13世紀後半の日本で実際に起こったモンゴル帝国の侵攻“元寇”。歴史上では日本はモンゴル軍を撃退したと伝えられていますが、本タイトルではモンゴル軍が日本侵攻に成功して、対馬島を制圧してしまうというフィクションの物語が展開されていきます。
対馬島の解放を目指す
物語の冒頭、モンゴル軍と日本の侍たちとの激しい戦いが始まります。しかし、侍たちは壊滅してしまいます。主人公の境井仁は気を失い、伯父である志村は、モンゴル軍の将軍・コトゥン・ハーンに捕えられてしまいます。
盗賊・ゆなに助けられ、どうにか生き延びた仁は、捕らえられてしまった志村の解放を目指します。しかし仁は戦っていくうちに、強大なモンゴル軍に対してたった一本の刀では歯が立たないことを痛感していきます。
様々な人たちとの出会いや、悲惨な状況に追い込まれていく民を目の当たりにした仁は、持ち前の剣術だけでなく “冥人(くろうど)” として暗殺術を身に付けて生きていくことを決意します。どんな方法を使ってでも、伯父の志村の奪還、そして故郷の対馬島の解放を目指していくことになります。
ゲーム内でモンゴル軍は、日本の侍が持つ「武士道精神」から見ると、不意打ちを仕掛けたり、民を誘拐・殺害するなどなんでもアリの極悪非道な存在として描かれています。仁はそんなモンゴル軍に情けは無用とばかりに戦っていきます。
黒澤明監督の時代劇をリスペクト
仁は民を助けるため、対馬を旅する最中、様々な仲間と出会うことになります。そうしたキャラクターたちが、それぞれ何らかの達人だったりするのは、名作「七人の侍」を思い起こさせてくれます。
それもそのはず、本タイトルは黒澤明監督の時代劇映画をリスペクトしていると開発者がはっきりと言っているそうです。
イベントシーンでのカメラワークやストーリー展開など、随所にオマージュを思われる演出が散りばめられています。刀で反射した光で顔が照らされるシーンなどはまさに時代劇映画そのものと言えるでしょう。
そんな演出のみならずリスペクト要素の一つに、 “黒澤モード”という画面モードが存在しています。
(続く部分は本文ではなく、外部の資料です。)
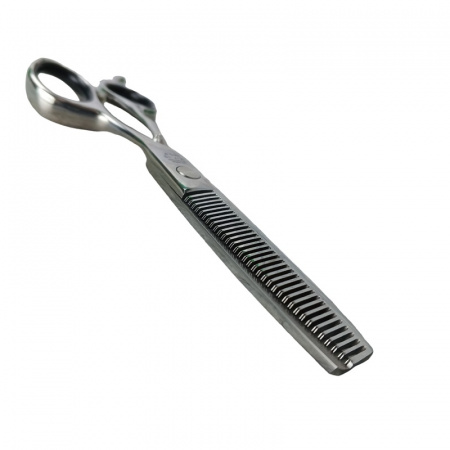 Изображение Melon Pro, Парикмахерские ножницы филировочные 5,5" silver edition SE/F-10 (34 зубьев) в интернет-магазине Цирюльник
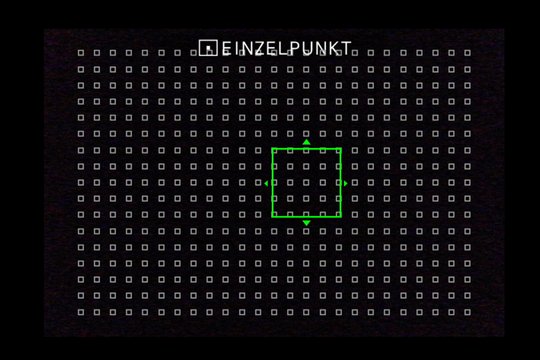 Autofokus-Einzelpunkt-Anzeige.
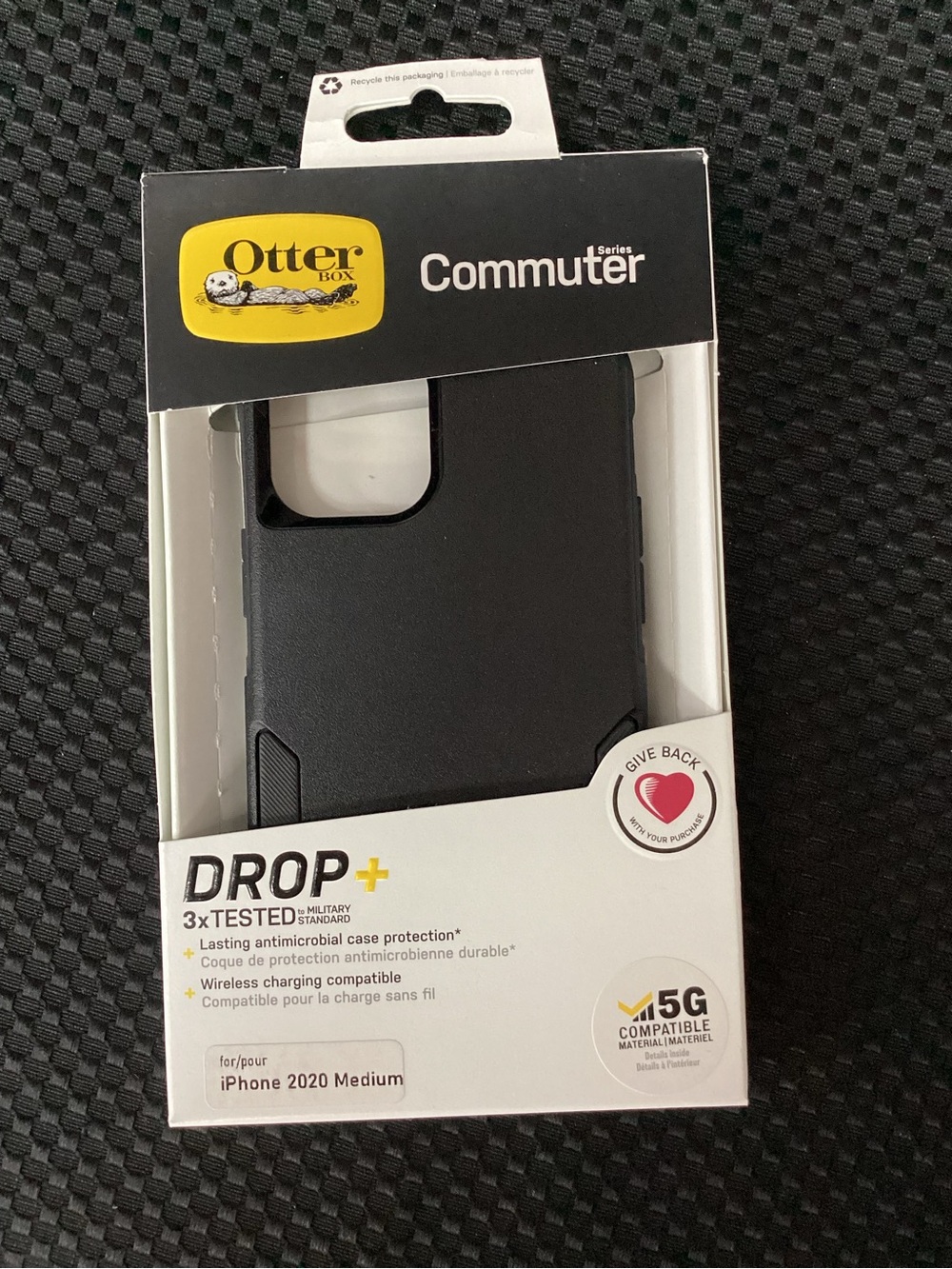OtterBox Commuter Series Drop+ Black iPhone Case For IPhone 2020 Medium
このモードを選択すると、画面はモノクロになると同時に昔のフィルム撮影かのようなノイズが走り、音声はくぐもったような音になります。メニュー画面が見づらくなったりしてしまいますが、そうしたことどうでもよくなってしまうほどの魅力が黒澤モードにはあると言われています。
見た目は一見地味な印象も……
本タイトルはオプション機能も充実していて、UIのオンオフ切り替えや高解像度モードなどプレイ環境の様々なカスタマイズに対応。グラフィックは時代劇をリスペクトした作品なだけあってとても味わい深く、ゲームの世界観をうまく表現していますが、リアルな要素が強いため、プレイヤーによっては地味な印象を受けるかもしれません。
しかし、実際にプレイするとグラフィックの美しさが目を引くとともにアクションも侍らしく感じられ、派手に見えます。「Ghost of Tsushima(ゴースト・オブ・ツシマ)」の派手さは、プレイヤー自身によって作り出されるものなのでしょう。仁を操作して、いかに時代劇の主人公のようにかっこよく振舞うかが重要。それが本タイトルをプレイしていて満足を得られるポイントではないでしょうか。
海外が産み出した「Ghost of Tsushima(ゴースト・オブ・ツシマ)」はチャンバラアクションや時代劇に興味がある人にはオススメできるタイトルだと言えるでしょう。